Volar Wedge Bone Grafting and Internal Fixation of Scaphoid Nonunions



Volar Wedge Bone Grafting and Internal Fixation of Scaphoid Nonunions


Evan D. Collins





ANATOMY



  • Nearly 80% of the scaphoid’s surface is covered by articular cartilage.6


  • Through ligamentous connections, the scaphoid serves as the bridge or link between the proximal and distal rows (FIG 1). Due to these strong tethers proximally and distally, it is highly susceptible to an acute fracture after a fall on an outstretched hand.18


  • Other key factors that influence scaphoid fracture healing are its tenuous vascular supply and its unique bony architecture.



    • The vulnerable vascularity of the scaphoid, especially the proximal pole, is well described in the literature.8,14,15,16,20 This is the result of the scaphoid’s retrograde blood supply, with approximately 70% of the vascular supply provided through the dorsal ridge vessel and 30% through branches to the scaphoid tubercle (at the level of the radiocarpal joint via superficial palmar branch perforators off the radial artery).






      FIG 1 • Anatomy of the wrist joint. The scaphoid bridges the proximal and distal carpal rows and is largely covered by articular cartilage.


    • The complex geometry of the bone makes it difficult to anatomically reduce the bone fragments.


PATHOGENESIS



  • Although there may be a variety of reasons for the development of a scaphoid nonunion, a fractured scaphoid usually fails to heal for three primary reasons:



    • The fracture is either undetected or untreated within the first 4 weeks after the injury.


    • The location of the fracture is proximal, resulting in poor vascularity of the most proximal fragment.
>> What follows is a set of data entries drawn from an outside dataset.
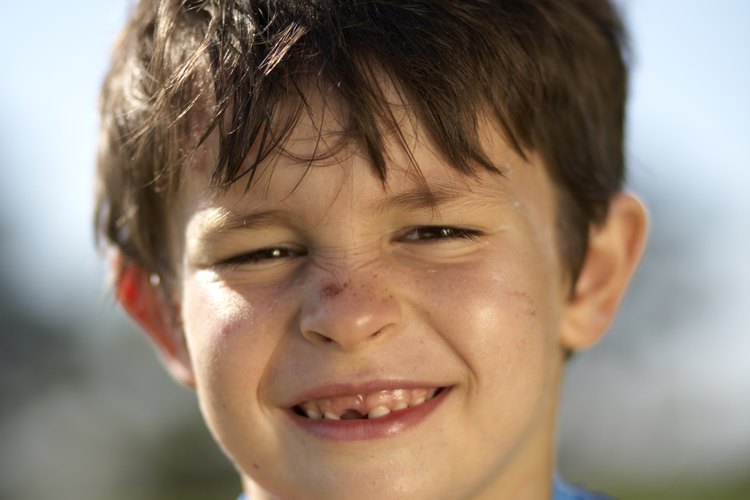Los niños son desproporcionadamente afectados por el autismo.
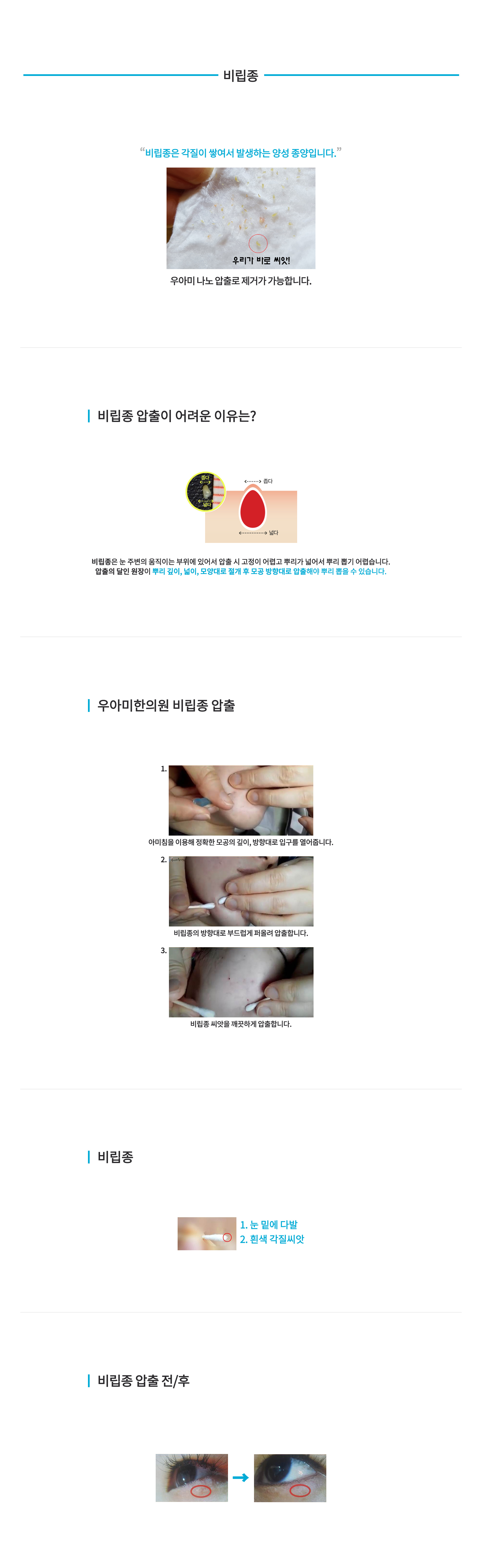 비립성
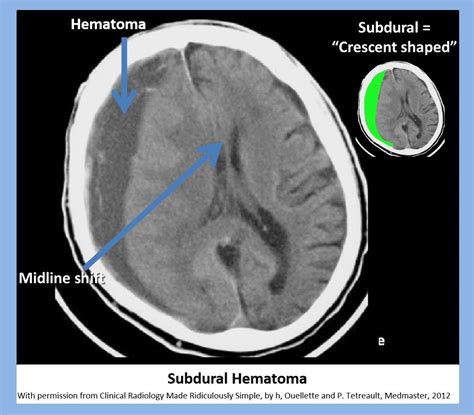 Subdurala Subdural Hematoma Neurology Radiology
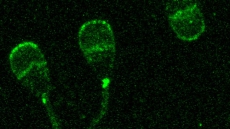 'Killer sperm' stops cross-species mating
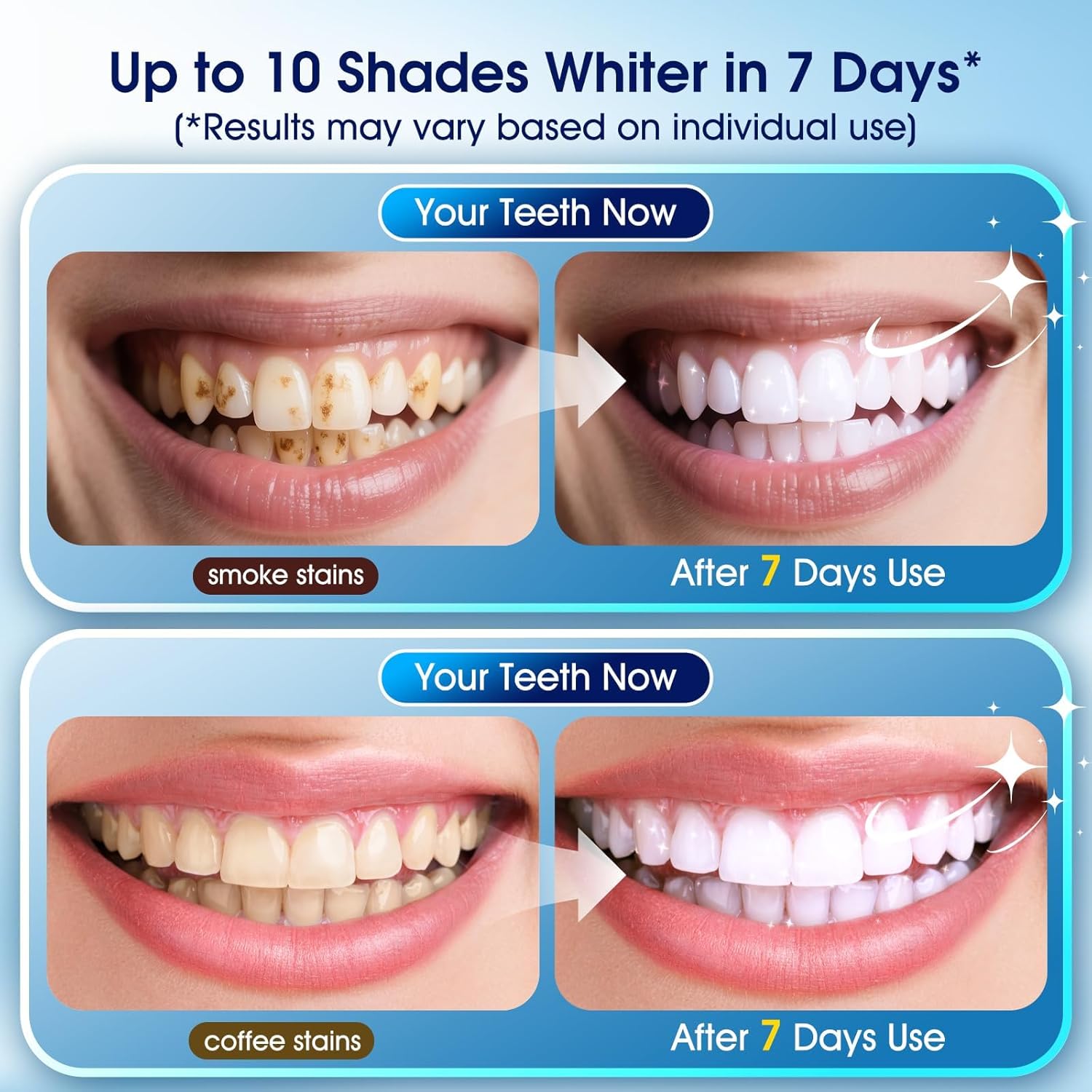 Thumbnail 1 de Teeth Whitening Kit with LED Light – 3 Pens + 2 Desensitising Pens (Mint) for a Brighter Smile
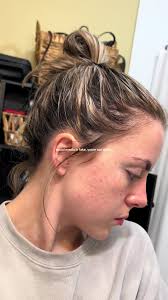 scars from my teenage years full of terrible acne and nights spent picking  at every imperfection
    • The fracture is displaced more than 1 mm.


NATURAL HISTORY



  • Scaphoid nonunion advanced collapse (SNAC), described in the literature, is a predictable sequence of changes that occurs as a result of scaphoid nonunion leading to wrist arthrosis, often associated with pain and limitation of motion.4,5


  • In studying patients with painful wrists over a 15-year period to determine who will develop symptoms, it is evident that the incidence of symptomatic wrist pathology requiring reconstruction is significantly higher for scaphoid nonunions that have gone untreated.1


  • Techniques used to detect an acute scaphoid fracture and its susceptibility to nonunion, wrist pain, and corresponding arthrosis have been discussed in great detail in the literature.14,15,20


PATIENT HISTORY AND PHYSICAL FINDINGS



  • The patient who presents with a scaphoid nonunion is usually a man between the ages of 18 and 35 years.


  • Unrecognized injuries in adolescence may present with pain related to early SNAC wrist arthrosis in the middle-aged adult.


  • Patients generally complain of wrist pain that limits range of motion or hinders activities such as push-ups, weightlifting, or simple daily tasks such as opening a door. Moderate to heavy pinch and grip pain have also been described.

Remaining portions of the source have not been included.